いま、アメリカと中国との関係も悪化しているので、これから中国でアメリカ企業叩きも盛り上がってくると思います。いまから、アメリカの電気自動車メーカーであるテスラのケースを紹介します。
中国政府は、現地企業との合弁なしの100%完全子会社を設立することを認めるほど、テスラを熱心に誘致しました。これは珍しいほどの優遇ぶりです。そこでテスラは、2019年に上海に子会社を設立しました。ところが今年2月ぐらいから、中国当局がテスラに厳しくなり始めました。国家市場監督管理総局が、製品の欠陥に苦情が来ているとして、その報告を求めるようになったのです。
4月19日、上海モーターショーの会場で、一人の女性顧客が展示されていたテスラ車の屋根に上り、ブレーキが効かないという欠陥に対してテスラ側の対応が悪い、と文句を言い始めました。
中国政府も、テスラが中国国内で販売した28万車のリコールを命じたり、政府の一部施設への乗り入れを禁止したりという嫌がらせを始めました。テスラ車が米国にデータを送っている可能性があるという理由からです。

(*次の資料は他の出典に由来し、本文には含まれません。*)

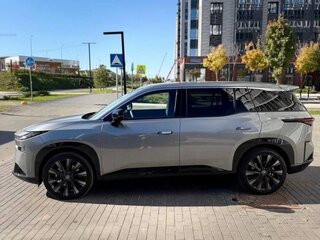 2026 Toyota bZ3X 58.3 kWh, серый, 2935000 рублей, вид 1
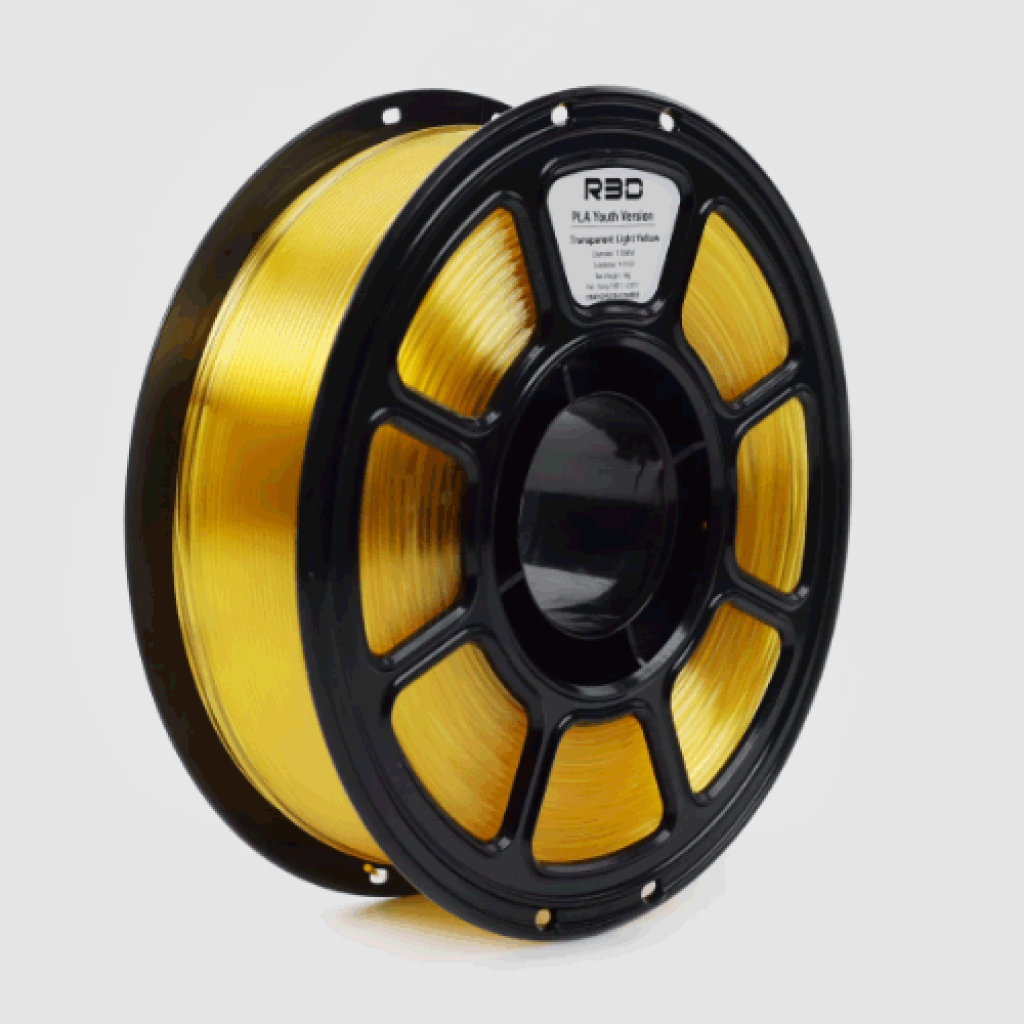 R3D PLA, премиум пластик для 3д-печати 1кг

国営メディアも、クレーム担当の幹部の更迭を要求しはじめました。当初はテスラ社も事実をもとに反論していましたが、政府やメディアの圧力に負けて、正式に謝罪をしてしまいました。後になって、当局がこの女性を使ってテスラをはめたことが明らかになりました。
2020年 世界電気自動車販売台数
1,テスラ(アメリカ) 50.0万台
2,フォルクスワーゲン(ドイツ) 22.0
3,比亜迪(BYD)(中国) 17.9
4,BMW(ドイツ) 16.4
5,ベンツ(ドイツ) 14.6
テスラが世界市場で圧倒的なシェアを持っています。3位の中国の企業は、一台60万円程度のレベルの低い製品しか作っていません。従来のガソリン車では今さら他国に追いつけない中国は、技術的にはガソリン自動車よりもキャッチアップが容易な電気自動車で、世界市場を席捲することを考えたのです。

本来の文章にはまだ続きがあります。